This project is perhaps one of the most difficult to implement among those presented in today’s selection. Firstly, the described SPS-ALPHA platform will be much larger in size than the International Space Station. Its construction will require a lot of time, an entire army of astronaut-engineers and the investment of colossal funds. Due to its gigantic size, the platform will have to be built directly in orbit. On the other hand, the platform elements will be made from relatively cheap and uncomplicated materials from the point of view of mass production, which means the project automatically moves from “impossible” to “very complex”, which, in turn, opens up the hope that one day its implementation will really do it.
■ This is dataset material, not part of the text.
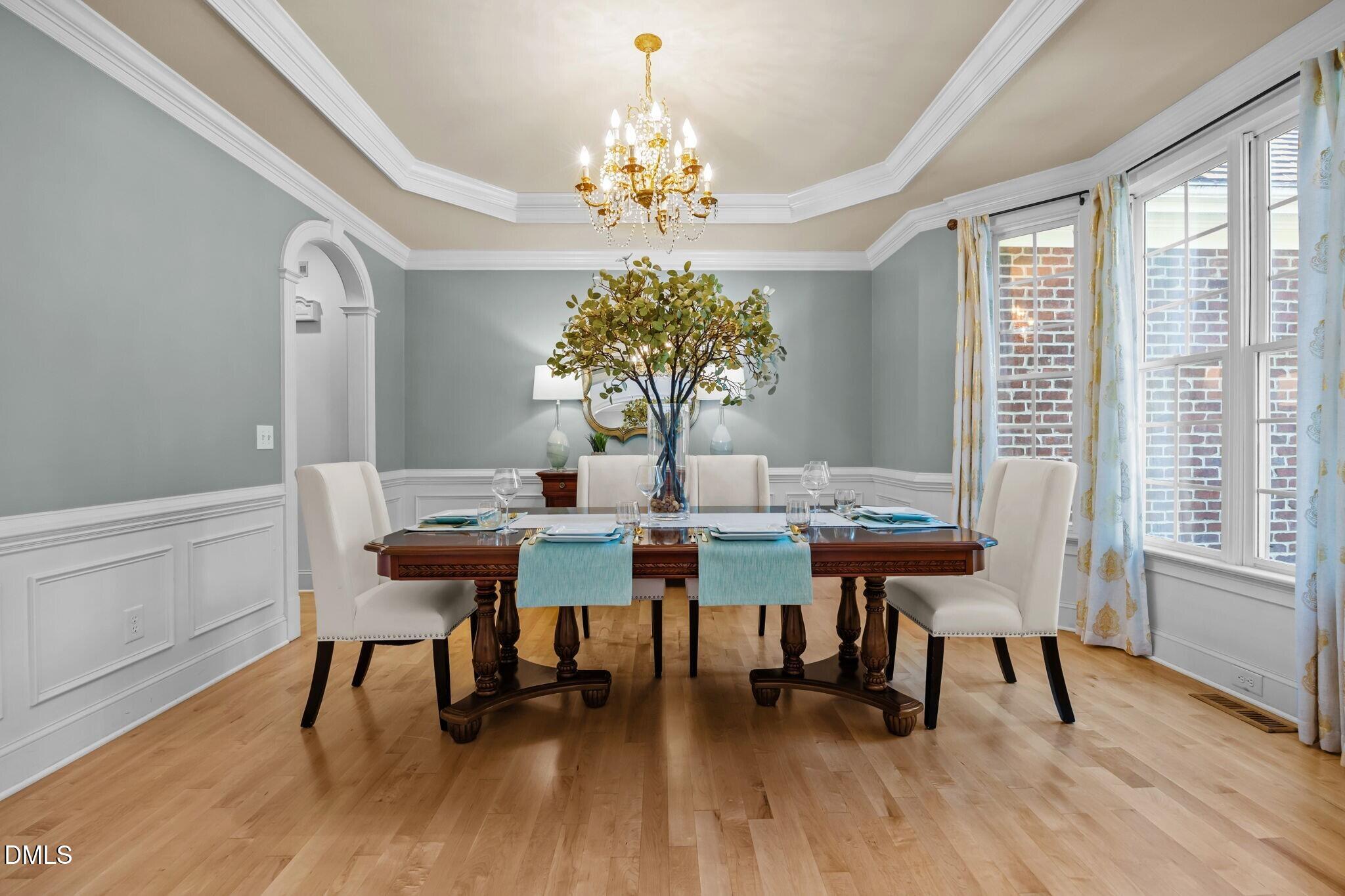3901 Orchard Point Court Apex, NC 27539 - Photo 7 of 53 a view of a dining room with furniture a chandelier and wooden floor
Project "Objective Europe"

The Objective Europa project is the craziest space exploration idea ever proposed. Its main goal is to send a person to Europa, one of the moons of Jupiter, on board a special submarine, thanks to which a search for possible life in the subglacial ocean of the satellite will be carried out.

What adds to the madness of this project is the fact that this is a one-way mission. Any astronaut who decides to go to Europa will actually have to agree to sacrifice his life for the good of science, while having the opportunity to answer the most secret question of modern astronomy: is there life in space in addition to that on Earth?

The idea of ​​the Objective Europa project belongs to Christin von Bengston. Bengston is currently running a crowdsourcing campaign to raise funds for this project. The submarine itself will be equipped with the most modern technologies. There will be a super-powerful drill, multi-dimensional traction engines, powerful searchlights, and, possibly, a pair of multifunctional robotic arms. The submarine, like the spacecraft that will take it to Europa, will need powerful radiation protection.

The choice of landing site will be critical. The thickness of Europa's ice over almost its entire surface is several kilometers, so it would be best to land the device next to faults and cracks, where the ice crust is not so strong and thick. The project, of course, raises many questions, including moral ones.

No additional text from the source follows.